Inception

Warner Bros

R4 DVD

 

I have been waiting to see Inception for quite some time. It is a film which has been surrounded by a vast amount of hype and I wondered if it could live up to the publicity. Christopher Nolan is a very accomplished director having made such films as Batman Begins, The Prestige and Insomnia. While Leonard DiCaprio has risen from been a teen star to taking roles which are far darker and eccentric, his last film Shutter Island, was a superb exploration of memory, madness and the inner recesses of the psyche. Together I wondered what they could do and I was not disappointed.

 

Inception is a very complex film; its origins could probably be traced back to a book written in 1976 called The Selfish Gene by Richard Dawkins. In this book Dawkins posited that genes replicated for their own benefit and we were only the means of transmission. As an afterthought, Dawkins suggested there was another sort of replicator on this planet, a cultural one, he called this a meme. The concept of the meme took off like wildfire; it became a major cause of debate among academics worldwide. Do ideas replicate like genes, do they act like viruses and when planted spread from host to host. A vast number of books continue to be written on this idea alone.

 

Inception takes meme theory (though it never actually uses the word) and matches with an exploration of the world of dreams. It is interesting that in the last weeks news there was a discussion of a firm in the U.S. which has developed a machine which can record dreams, perhaps the ideas in this film are not farfetched. The idea of shared dreams has been around a long time in both mystical literature (Tibetan Buddhism for example) and in such films as the Nightmare on Elm Street series. Nolan takes shared dreaming further and creates a dream heist squad. This team work together to create a dream world based on the subjects life and when the subject is kidnapped and brought into the shared dream information can be extracted.

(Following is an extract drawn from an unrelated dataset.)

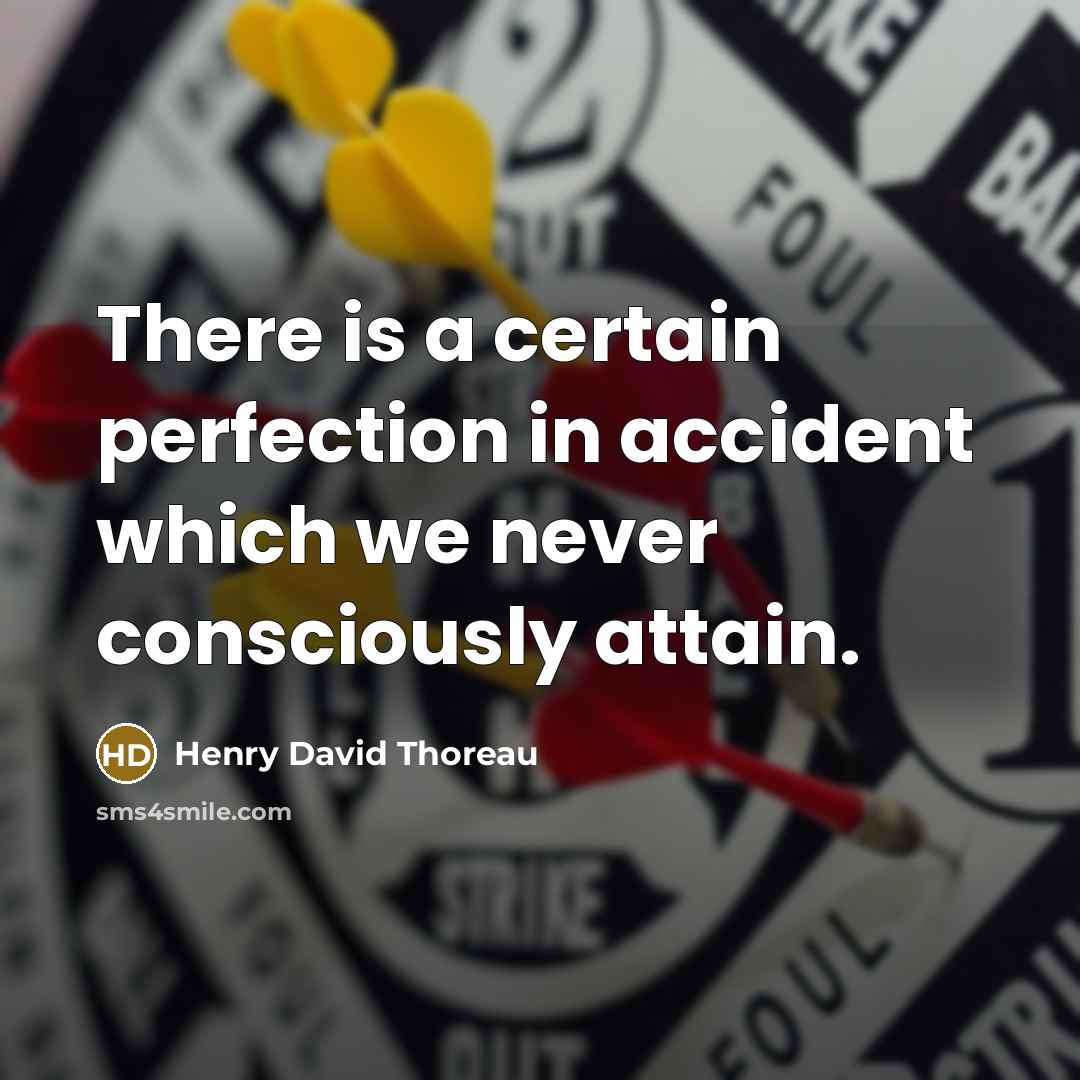 “There is a certain perfection in accident which we never…” quote by Henry David Thoreau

This can be a messy process as the subject fills the dream environment with their own projections and these can be defensive even violent. The dream team needs to include an architect, who designs the structures of the shared dream world, a medical technician, an extractor and various support staff. It isn’t an easy business.

 

This process can work on multiple levels with three dreams within dreams. At the same time there is another process, more elusive and dangerous, that of inception. This is where a meme is planted deep within the unconscious of the individual and believing it is their own original though their whole life experience is changed by this experience, for good or ill.

 

Cobb (DiCaprio) is an extractor who is good at his job; he has a top team who works together at this new form of industrial espionage. However he has a dark past which haunts him. He experimented with his wife exploring the various levels of dream work not understanding that the deeper you go the more time is disturbed in the process. In the first level of dreaming 5 minutes in the conscious world gives you some 60 minutes of dream time, at very deep levels 5 minutes could equal 10 even 50 years. Together Cobb and Mal find themselves in the deepest dream levels and spent some fifty years growing old together and building their own world. Unknown to Mal, to achieve this task Cobb used the art of inception to plant a thought within her mind, the idea that this dream world as the real world.

 

However, Cobb realizes that they have totally lost touch with the real world (and their children) and brings them back to the waking state. Mal cannot adjust; she becomes more and more depressed and suicidal. The meme that her dream world is the real one obsesses her more and more and finally she commits suicide unable to convince Cobb to join her. In fury Mal has also distorted the evidence to suggest Cobb was involved in her death. He loses access to his children and has to flee America, a wanted man.

 

Inception has multiple plots which are locked together into a fascinating story. The central story is an inception where Saito agrees to use his high end connections to clear Cobb’s name is they can pull off a risky job. They need to implant a thought into the mind of Robert Fischer (Cillian Murphy), a business rival of Saito’s. This thought will result in him splitting up the rather gigantic business empire which he will inherit on his father’s death.

 

When Fischer’s father dies they swing into action. Saito makes some arrangements with the private plane company transporting Fischer and his father’s body and the team has 60 minutes to undertake the art of inception. Using three levels of dreams, risky medications and alternate realities the game begins. But things are never as easy as they seem and Cobb’s dead wife, who lives on in his memory, takes to sabotaging the operation at every turn. At the same time Fischer’s unconscious has impressive defensives and they are armed with all manner of weapons. As they move from dream level to dream level the risks get greater and greater, since they are so heavily sedated a dream shock may send them into limbo. Limbo being  a sort of dream freespace where the mind lives eternally in its own reveries without any sense of reality.

 

This is a film which takes a lot of concentration and thought, it is not easy entertainment and sadly that is what has bought it some less than spectacular reviews. Personally I like my films intelligent, I am sick of plots which could be deciphered by a six year old who is playing Nintendo at the same time. I want a mental challenge and Inception supplies it. It is a beautiful looking film with some truly ingenious special effects, the characters are all superb and they all perform their roles admirably. The movement between various dream states and reality is superbly handled and at times you scratch your head and begin to ask that perennial question “what is reality anyway?”.

 

This is an instant classic; I truly believe it is the best science fiction film I have seen in many, many years. Multiple viewings will even give greater enjoyment and offer more nuances hidden within the plot.